Easel allows users to create more highly customized personal stickers than Bitmoji. Say, for example, you want a sticker that shows you’ll soon be drinking cocktails with your buddies in Paris. You could use a generic cocktail-drinking Bitmoji — but it won’t look like Paris. (And you’ve already seen this Bitmoji many times before.) Whereas, with Easel — and thanks to generative AI — you get to design the background scenes, locations and scenarios where your personal avatar appears.
Finally, Easel users can also share stickers to the app’s public feed to inspire others. This can create a sort of seasonality within the app as you might see a lot of firework stickers around July 4, for instance. It’s also a laid-back use case for Easel, as you can scroll until you find a sticker you like, tap “remix” and send a similar sticker (but with your own face) to your friends.
Easel has already secured $2.65 million in funding from Unusual Ventures, f7 Ventures and Corazon Capital, as well as various angel investors, including a few professors from Stanford University.
Now let’s see how well Easel blends into people’s conversations. “We have learned two very unique use cases.
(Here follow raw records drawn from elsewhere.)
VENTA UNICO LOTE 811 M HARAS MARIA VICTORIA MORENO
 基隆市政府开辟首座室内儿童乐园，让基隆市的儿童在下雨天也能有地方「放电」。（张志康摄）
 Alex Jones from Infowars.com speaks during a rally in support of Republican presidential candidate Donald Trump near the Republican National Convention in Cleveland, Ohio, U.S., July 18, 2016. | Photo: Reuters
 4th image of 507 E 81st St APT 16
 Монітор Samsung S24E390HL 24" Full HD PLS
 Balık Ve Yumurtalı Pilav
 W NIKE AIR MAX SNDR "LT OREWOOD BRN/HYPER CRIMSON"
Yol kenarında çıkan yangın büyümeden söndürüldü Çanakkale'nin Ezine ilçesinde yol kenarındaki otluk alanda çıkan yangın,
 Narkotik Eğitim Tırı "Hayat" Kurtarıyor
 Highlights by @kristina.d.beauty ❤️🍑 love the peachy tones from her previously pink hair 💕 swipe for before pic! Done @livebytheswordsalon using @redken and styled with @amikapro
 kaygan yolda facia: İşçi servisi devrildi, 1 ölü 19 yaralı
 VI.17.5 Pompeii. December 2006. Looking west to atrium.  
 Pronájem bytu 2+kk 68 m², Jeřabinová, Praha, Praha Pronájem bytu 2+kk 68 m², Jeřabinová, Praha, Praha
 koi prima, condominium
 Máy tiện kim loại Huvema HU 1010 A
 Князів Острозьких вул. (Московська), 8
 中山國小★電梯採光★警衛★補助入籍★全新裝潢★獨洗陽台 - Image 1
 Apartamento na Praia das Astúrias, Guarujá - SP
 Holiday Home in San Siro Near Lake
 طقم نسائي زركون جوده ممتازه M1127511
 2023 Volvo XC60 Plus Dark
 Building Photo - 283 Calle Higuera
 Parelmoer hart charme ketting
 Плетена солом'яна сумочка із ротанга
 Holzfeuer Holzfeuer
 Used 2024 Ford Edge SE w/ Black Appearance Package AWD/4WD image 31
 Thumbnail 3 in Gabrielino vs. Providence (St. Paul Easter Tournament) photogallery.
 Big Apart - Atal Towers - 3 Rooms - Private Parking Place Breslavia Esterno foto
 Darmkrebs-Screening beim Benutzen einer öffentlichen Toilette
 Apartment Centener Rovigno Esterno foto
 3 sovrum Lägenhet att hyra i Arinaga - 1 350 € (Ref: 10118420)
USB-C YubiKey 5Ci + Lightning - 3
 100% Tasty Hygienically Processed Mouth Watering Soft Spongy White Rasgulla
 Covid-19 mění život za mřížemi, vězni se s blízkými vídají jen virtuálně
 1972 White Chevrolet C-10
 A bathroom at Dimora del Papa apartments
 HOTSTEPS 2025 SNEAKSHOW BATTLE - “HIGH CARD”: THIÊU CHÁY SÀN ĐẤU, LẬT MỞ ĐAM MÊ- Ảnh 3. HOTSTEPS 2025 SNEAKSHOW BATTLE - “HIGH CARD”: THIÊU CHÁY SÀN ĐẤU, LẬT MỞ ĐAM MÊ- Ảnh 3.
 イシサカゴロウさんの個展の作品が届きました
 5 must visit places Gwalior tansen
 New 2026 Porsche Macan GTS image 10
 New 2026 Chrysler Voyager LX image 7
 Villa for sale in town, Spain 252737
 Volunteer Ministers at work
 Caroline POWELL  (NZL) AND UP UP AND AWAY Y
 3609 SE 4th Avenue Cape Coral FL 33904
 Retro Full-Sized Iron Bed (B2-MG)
One is that there’s a big demographic that is not very comfortable sharing their faces,” said Vaish. “I’m not a selfie person and a lot of people are not. This is allowing them to share what they’re up to in a more visual format.”
“The second one is that Easel allows people to stay in the moment,” he added, pointing out that sometimes you just don’t want to take out your phone and capture the moment. But Easel still enables a form of visual communication after the fact.